Ted Cruz’s campaign spent more than $150,000 at US book chain Books-A-Million in the months after the Texas senator’s book was published, Forbes has reported.
Cruz, who was prominent among the Republicans trying to block the certification of Joe Biden’s election, published One Vote Away: How a Single Supreme Court Seat Can Change History in September. A financial disclosure he filed on Monday, reported on by Forbes, shows he received almost $320,000 as an advance in 2020 from the book’s publisher Regnery Publishing.
“With a simple majority on the Supreme Court, the left will have the power to curtail or even abolish the freedoms that have made our country a beacon to the world. We are one vote away from losing the Republic that the Founders handed down to us. Our most precious constitutional rights hang by a thread,” says Regnery of the title. “In One Vote Away, you will discover how often the high court decisions that affect your life have been decided by just one vote.”

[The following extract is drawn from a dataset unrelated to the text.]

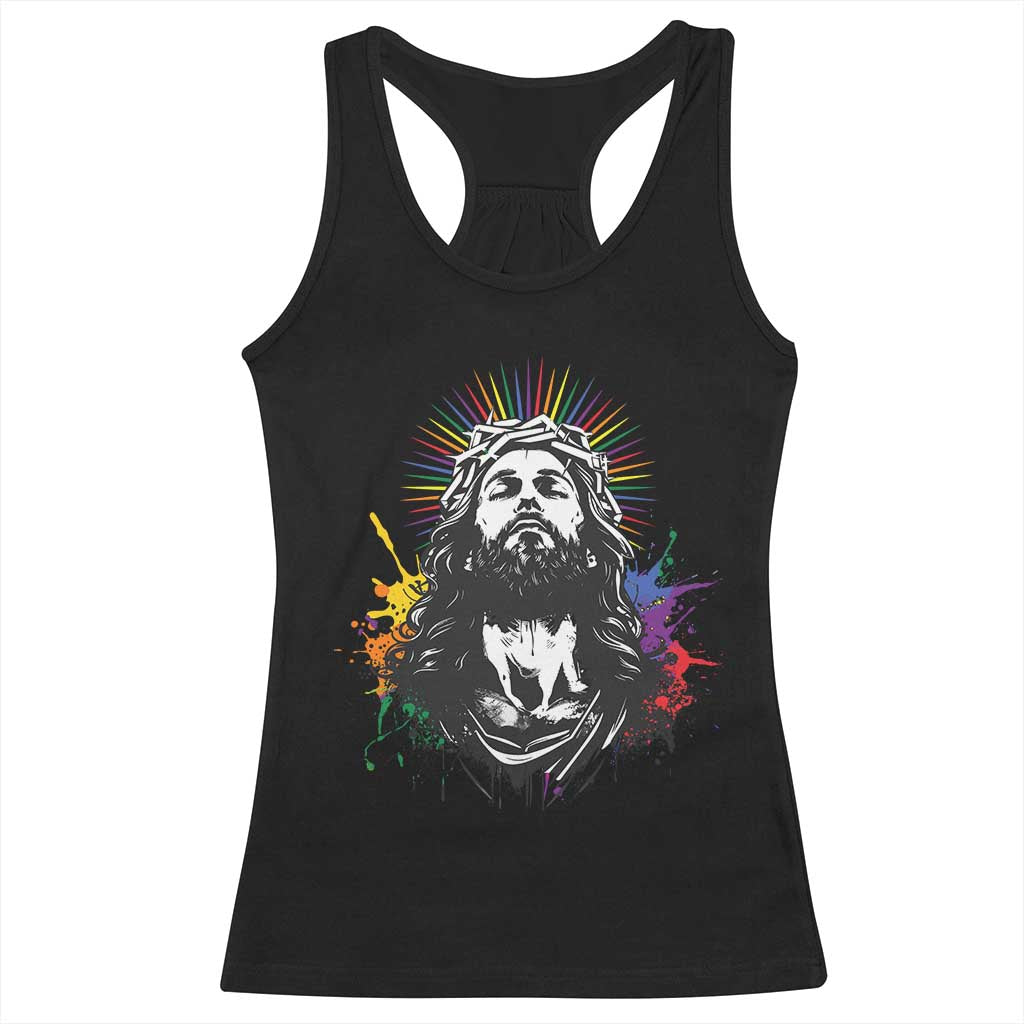 Funny LGBT Gay Pride Jesus Rainbow Flag Christian Racerback Tank Top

The end-of-year report from Cruz’s committee, filed with the Federal Election Commission, reveals that two weeks after One Vote Away was published, his campaign spent $40,000 at Books-A-Million. Shortly afterwards, it spent a further $1,500, and in December, another $111,900. All of the purchases are described by the campaign as “books”, and Forbes speculated that they may have been used to boost his book sales, quoting Brett Kappel, a lawyer specialising in campaign finance, who said that “the FEC has issued a long series of advisory opinions allowing members to use campaign funds to buy copies of their own books at a discount from the publisher, provided that the royalties they would normally receive on those sales are given to charity”.
Forbes previously reported what three other US senators had made from book deals in 2020: Elizabeth Warren earned $278,000, Tom Cotton $202,000, and Tammy Duckworth $382,000. All three used campaign funds to buy books, but Forbes said that their purchases were all under $20,000.
A spokesperson for Cruz’s campaign told the magazine that the senator “has not received one cent of royalties in connection with any One Vote Away book sales”, but declined to reveal which books the campaign had spent more than $150,000 on.
When Donald Trump Jr published Triggered in 2019, it made the New York Times bestseller list, but the newspaper’s charts included a dagger beside the book to indicate that “some retailers report receiving bulk orders”. The Republican National Committee denied making bulk orders at the time, and Trump Jr was angered by the suggestion that his sales had been artificially boosted, retweeting Republican strategist Andrew Surabian’s claim that “Don did multiple book signings where he sold 1,000+ books apiece. BookScan data will show he sold more books than the #2 and #3 books combined. Media/Dems want to pretend otherwise, but he was #1 on merit.”